DATA PROVIDED »
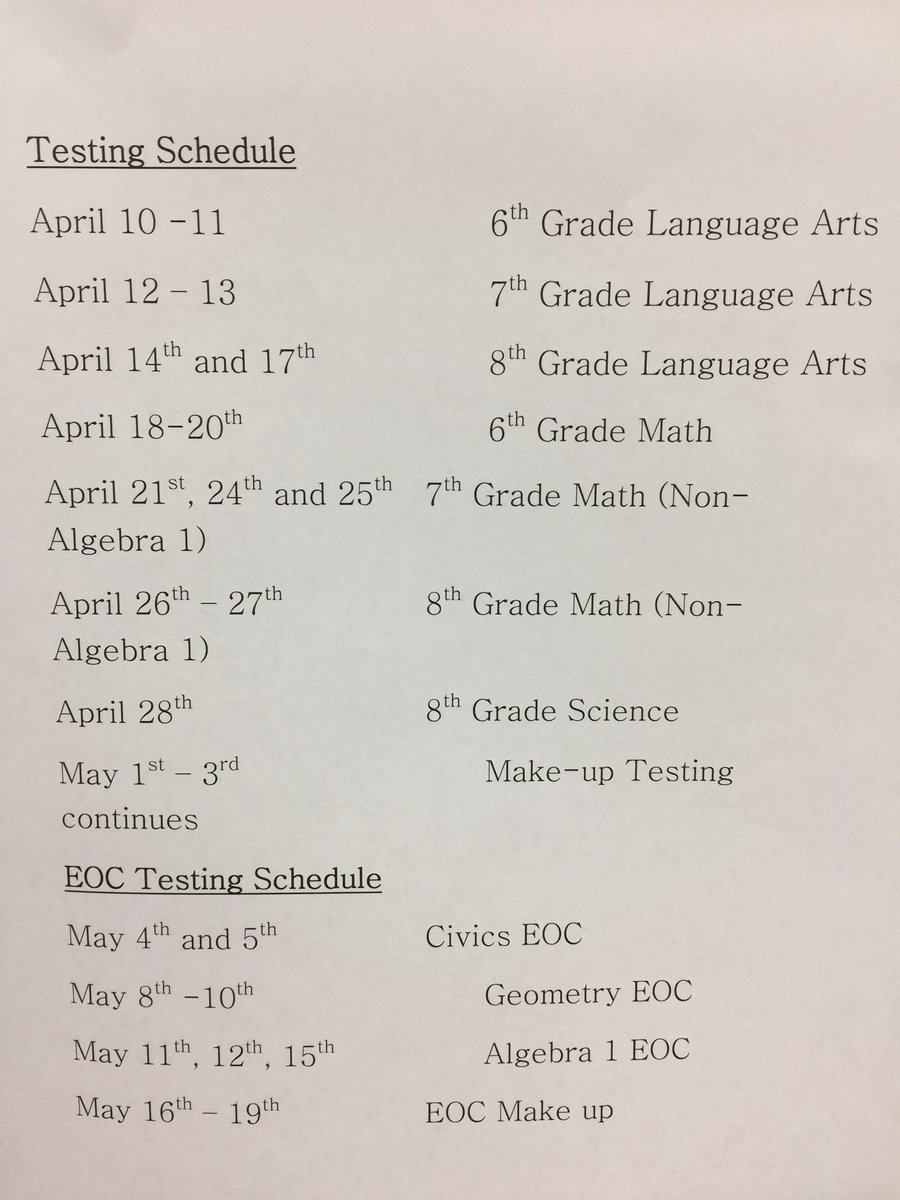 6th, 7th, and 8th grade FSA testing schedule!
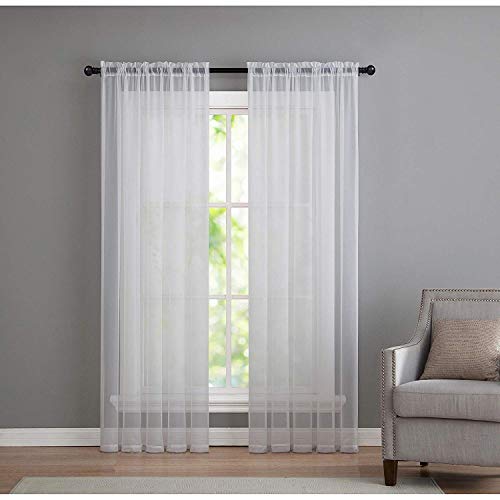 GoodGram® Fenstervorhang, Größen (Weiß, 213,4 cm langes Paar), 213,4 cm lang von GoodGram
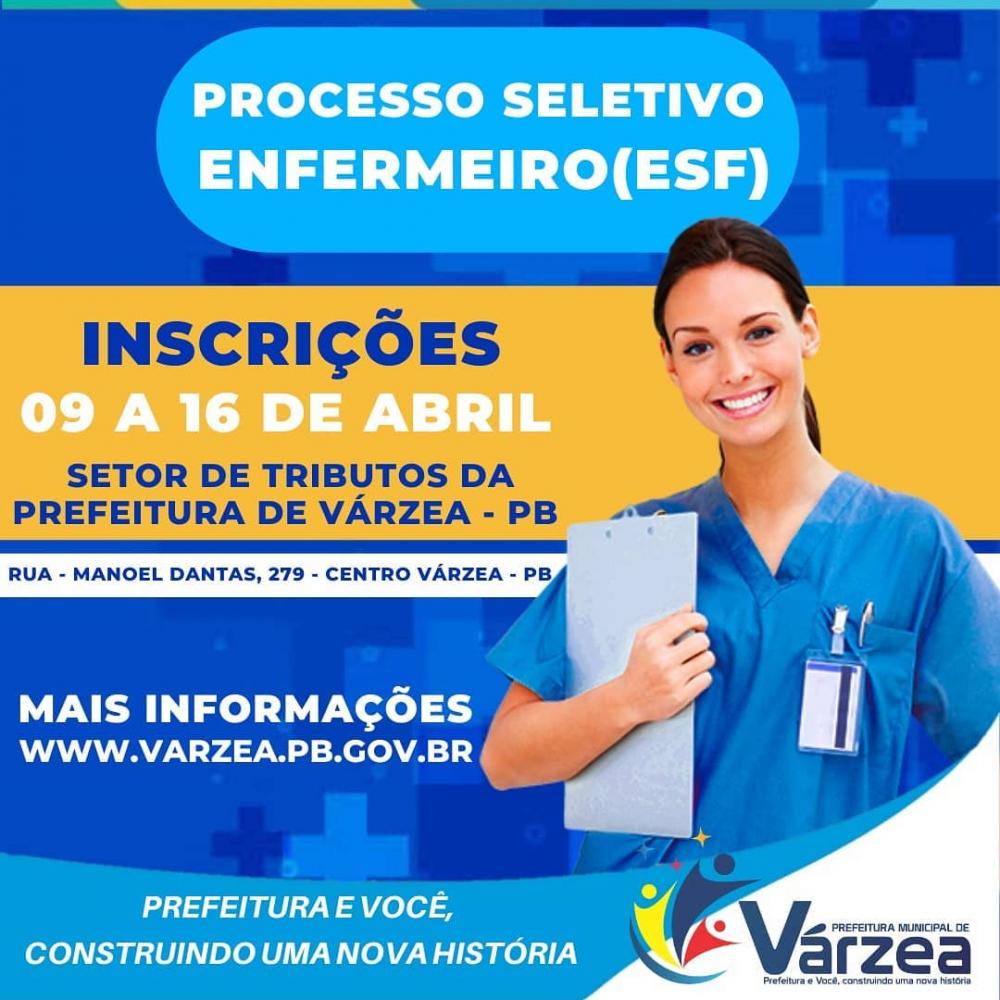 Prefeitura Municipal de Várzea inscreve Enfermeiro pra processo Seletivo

WORK INSTRUCTIONS » Leaving out the pictures, output the listing above exactly as given.

RESPONSE FOR THIS EXERCISE »
 6th, 7th, and 8th grade FSA testing schedule!
 GoodGram® Fenstervorhang, Größen (Weiß, 213,4 cm langes Paar), 213,4 cm lang von GoodGram
 Prefeitura Municipal de Várzea inscreve Enfermeiro pra processo Seletivo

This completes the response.